Miquel Escudero-El Correo
Los seres humanos tenemos adquirida la estúpida costumbre de ponernos etiquetas unos a otros, y de inmediato. Es el ansia de vernos como cosas hechas de una vez para siempre, inalterables. Se trata de un error que pasa factura, a veces muy costosa. Hay que analizar en contexto, por supuesto, pero «actuación por actuación», partido a partido, como en el fútbol. ¿Lo sabemos hacer? No pocos resuelven lo que es recriminable con un insulto. Con decir ‘fascista’ ya están servidos, es un hábito que se contagia en una boba sensación de superioridad moral. Veamos un ejemplo.
Justo dentro de una semana, el día 20, Donald Trump tomará posesión del cargo de presidente de los Estados Unidos.

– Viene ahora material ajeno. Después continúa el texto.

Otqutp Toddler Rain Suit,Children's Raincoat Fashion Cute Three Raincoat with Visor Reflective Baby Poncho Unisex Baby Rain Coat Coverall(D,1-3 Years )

Este tipo me resulta insoportable, por su matonismo y su afición a mentir e insultar, por su desprecio a la verdad y su falta de respeto a la realidad, por su prepotencia y su nacionalismo supremacista y pedante. No hablemos ya de sus innumerables chanchullos (demostrados y no inventados). ¿Le voy a llamar ‘fascista’ por ser exponente de lo indeseable? De ninguna manera. Será fatuo, narcisista, machista y racista, pero no fascista. No es un consuelo, pero la claridad de ideas es básica para combatir lo mejor que se pueda cualquier peligro. Reproducir sus actitudes y sus métodos de descalificación nos hace perder los papeles y nos deja en estado gaseoso. Por si fuera poco, en un escenario polarizado muchos apoyan a quienes no desean, por considerarlos el ‘mal menor’. Nos saldría así el tiro por la culata. Y facilitaríamos lo que sabemos detestable. Recordemos la historia del siglo XX. ¿Queremos aprender a hacer lo mejor posible o preferimos quejarnos?